XXXIII - Jadi Dewasa

4.7K 417 49
                                    

Aku tidak pernah berpikir harus melakukan ini. Aku cuma ingin semua nya berjalan baik-baik saja. Tak pernah terlintas dipikiranku untuk melakukan ini semua. Semuanya berjalan begitu saja. Walaupun sempat memikirkannya sekilas, tapi aku tak pernah serius dengan itu.
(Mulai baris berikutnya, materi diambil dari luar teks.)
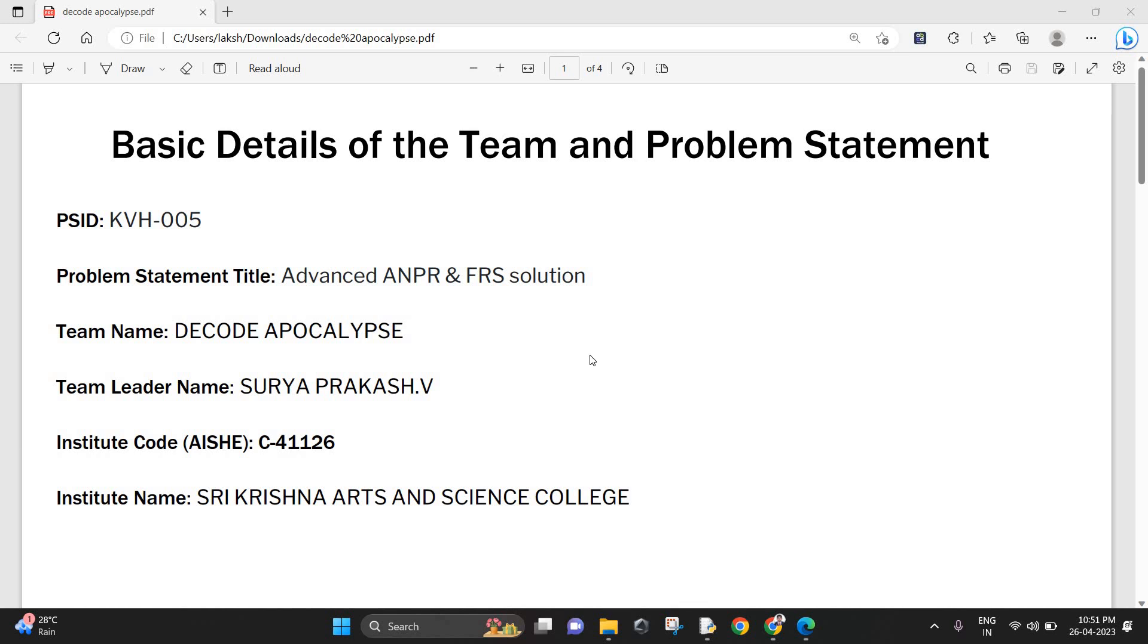Welcome. We are team DECODOPCLIPS and we are here to present our solution to the problem statement: advanced ANPR and FR solution.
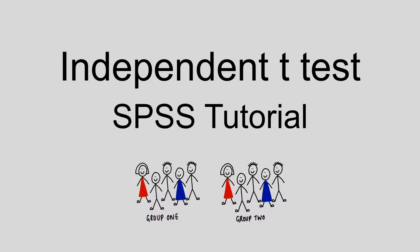This video is going to show you how to conduct an independent t-test in SPSS. Once you're confident that you've met the assumptions of an independent t-test, you can begin to run the analysis.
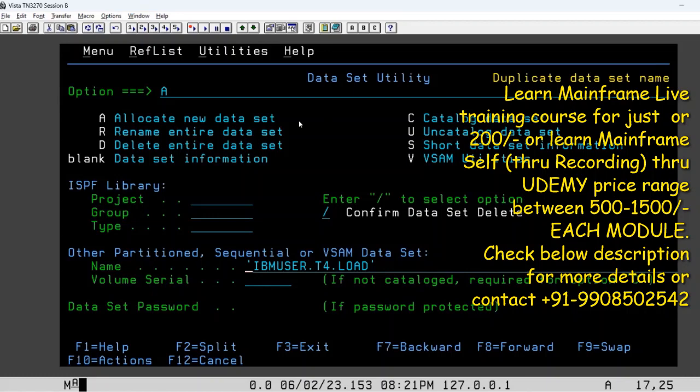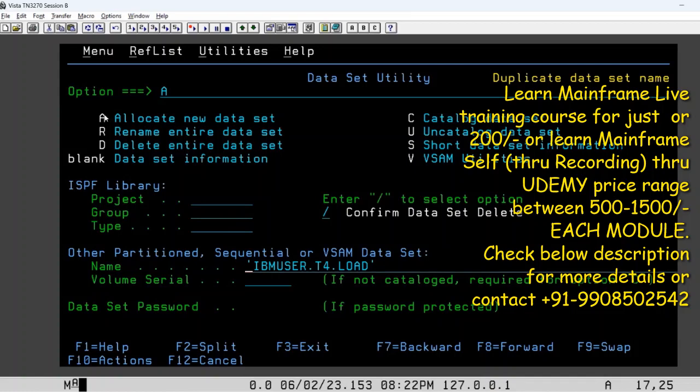You can simply come out. If you want to delete it, you created a data set and you don't want to use it, you can use option D here and then press enter. It will delete it. And again A for creating another data set with the same name as well.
Kini aku hanya bisa menikmati hembusan angin yang menyentuh kulitku. Di depanku ada Fachry yang kini serius membawa motornya. Tak ada yang melihat aku yang kini memeluk Fachry dari belakang. Ini keinginanku sendiri. Fachry tak memaksaku untuk melakukannya. Yang ada, aku yang berinisiatif memeluknya. Menikmati hangat tubuhnya. Kalau bisa waktu berhenti sebentar saja agar aku bisa menimati tubuhnya lebih lama.

Aku memukul perutnya pelan. Yang dipukul pun menoleh sedikit. "Apa?" tanyanya.
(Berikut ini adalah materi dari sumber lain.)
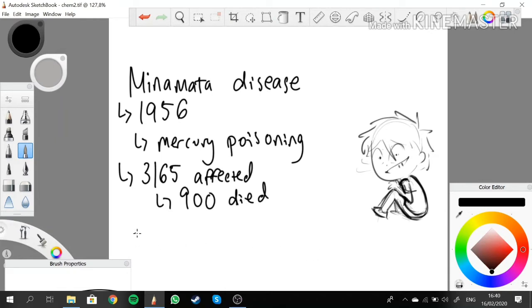The chemicals involved here is mercury, which is Hg, since it is mercury poisoning.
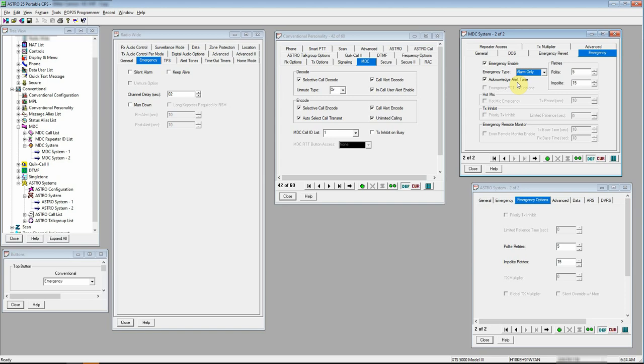I'm in emergency mode. It's looking for an acknowledgement from the mothership. Your dispatch console, your base station, whatever. Those specific types of equipment back at base, back at dispatch,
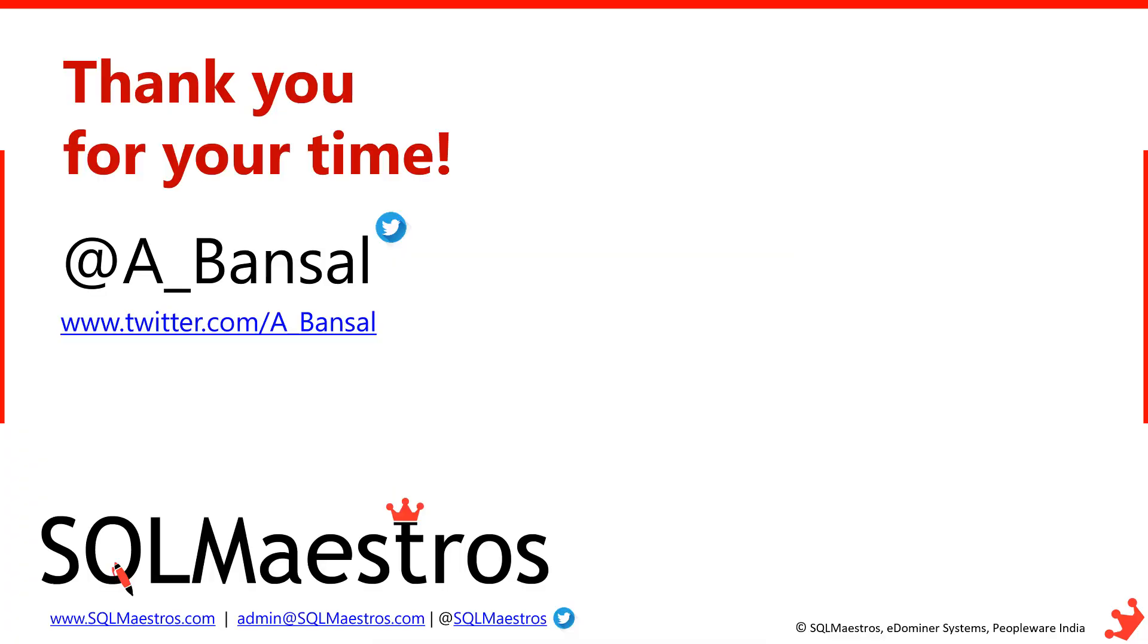With this, thank you very much for your time today. Hope there was something new for you to learn. I am available on Twitter, twitter.com/A_Bansal, that's where you can follow me. Goodbye until next time, see you in another video soon. Bye.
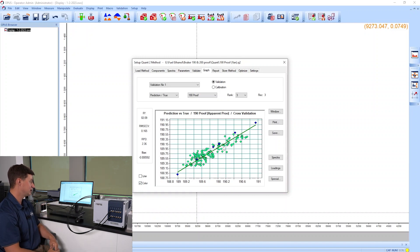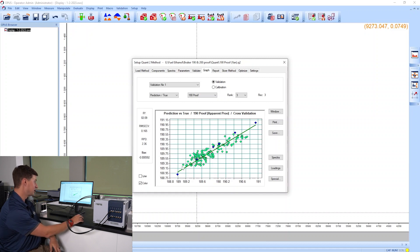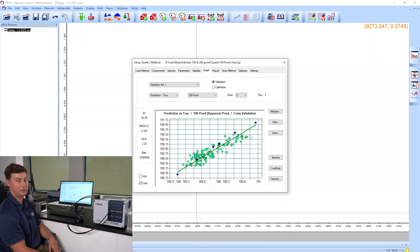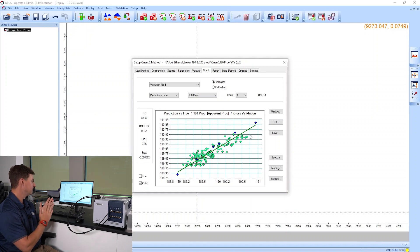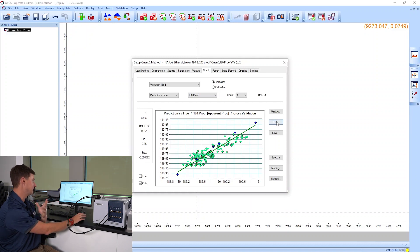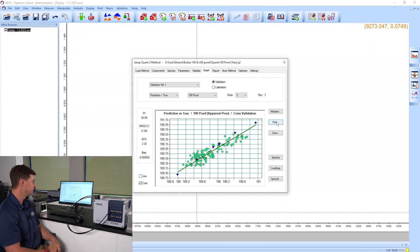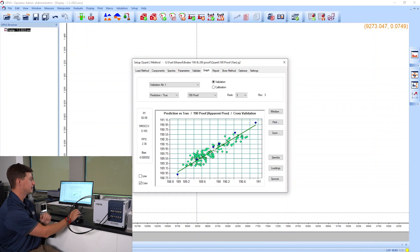This is a pretty tight range of a calibration. The original calibration goes from roughly a little over 189 proof to roughly 190.6 proof, so the range on the calibration is very small. We've actually extended that by roughly half a point with these additional spectra in here. You can see it spans the range and it's pretty close.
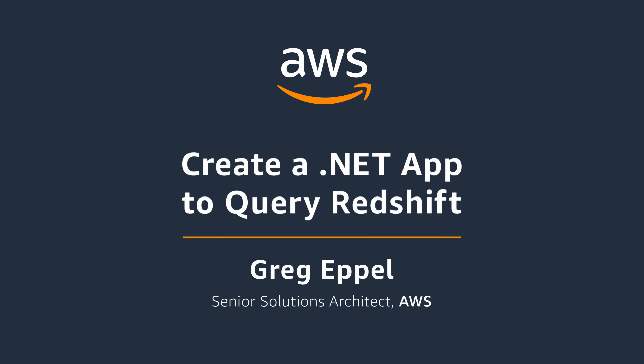The topic of today's session is querying Amazon Redshift from your .NET applications. Amazon Redshift is a fast, scalable data warehouse that makes it simple and cost-effective to analyze all your data across your data warehouse and data lake.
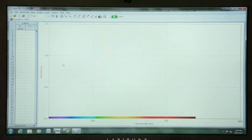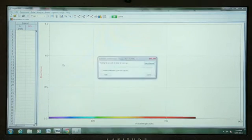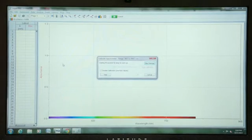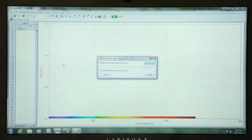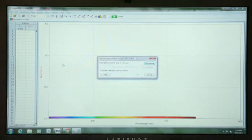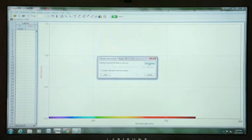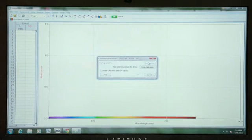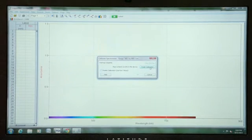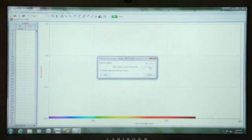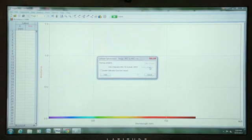The calibration process takes about a minute and a half, including warm-up. For sake of time, and because our SpectraVis Plus has been warmed up, we will skip the warm-up and then click on Finish Calibration to complete the process.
"Mampir sebentar, aku lapar."

"Yaudah, dikit lagi ada yang jual bubur ayam, mau?"

Aku mengangguk. Tidak menahu Fachry melihatnya atau tidak. Tapi sepertinya dia sudah melihat dari kaca spion.

Beberapa meter, Fachry meminggirkan motornya tepat di depan gerobak penjual bubur ayam. Aku langsung turun dan menghampiri penjualnya.
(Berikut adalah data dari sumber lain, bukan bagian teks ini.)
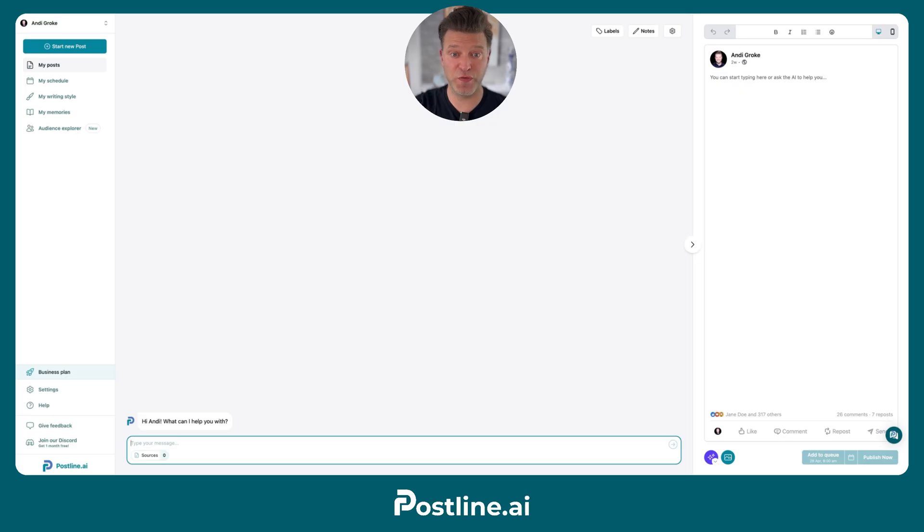Let me show you three ways to write great LinkedIn posts using Postline.ai. First, you can simply ask Postline to write a post for you about anything.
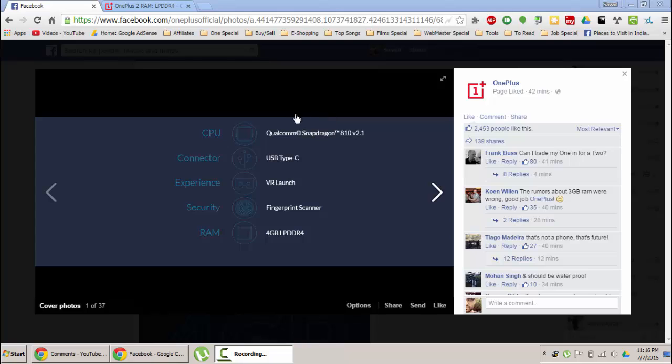We already know it comes with the Qualcomm Snapdragon 810 2.1 Pro CPU, USB Type-C connector, and will be launching in a VR launch environment. OnePlus 2 will also come with a fingerprint scanner, a quick fingerprint scanner.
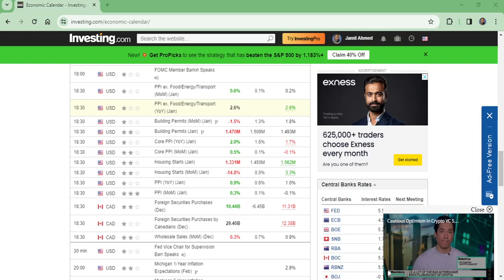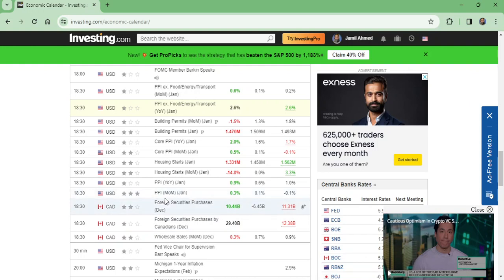Hello and welcome to my channel, Wonders of Press Action. This is the PPI data. Here we have PPI month-over-month for January, which was forecasted to be 0.1%.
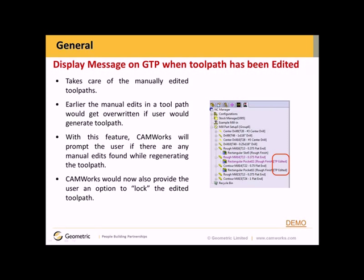Display message on Generate Toolpath when toolpath has been edited. We've provided more options and more automation here. Previously, manual edits to the toolpath would get overwritten if the user regenerated the toolpath. With this new feature, CamWorks will prompt the user if any manual edits are found while regenerating the toolpath. It also provides an option to lock the edited toolpath. Let me give you a brief demonstration of how this works.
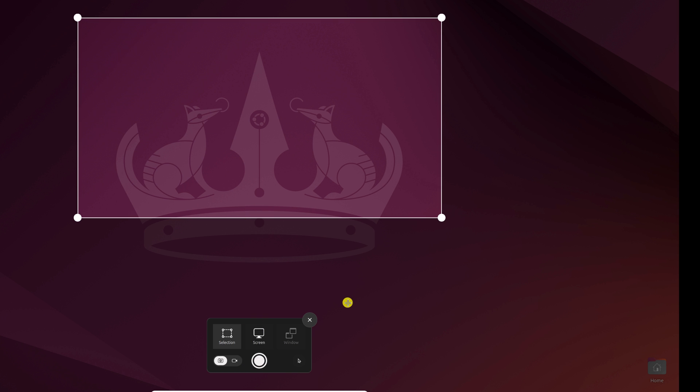Using this screen capture tool, you can also record your screen. For that, you just need to switch the toggle. Currently it's on screenshot, you can select record screen. Now select the area and click on the record button. When you record screen using this tool, audio will not be captured.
"Kang, bubur ayamnya satu," ucapku.

Setelah aku memesannya, Fachry datang menghampiriku. "Kamu mau?" tanyaku.

"Gak usah, kamu aja."

"Yaudah."

"Gak pake lama ya kang!" pintaku.

Kami langsung mencari kursi dan duduk. Ini sudah pukul satu siang. Sementara aku tadi sarapan pukul 7 pagi. Wajar aku sudah lapar sekarang.

Kini aku tak memikirkan apa lagi. Entah mengapa setiap ada Fachry di sampingku, aku merasa tenang. Tak ada hal yang membuat aku harus memikirkan semua masalahku. Jika aku disampingnya. Aku merasa semuanya terlihat baik-baik saja.

Tetapi, jika aku di samping Bara, berbeda. Hanya saja, jika aku bersama Bara, aku juga merasa baik-baik saja. Tapi masalahku masih saja terlintas dipikiranku. Bara memang bisa membuatku melupakannya. Setelahnya aku akan ingat lagi. Berbeda dengan Fachry yang tanpa ada tindakan darinya, aku merasa nyaman berada di dekatnya.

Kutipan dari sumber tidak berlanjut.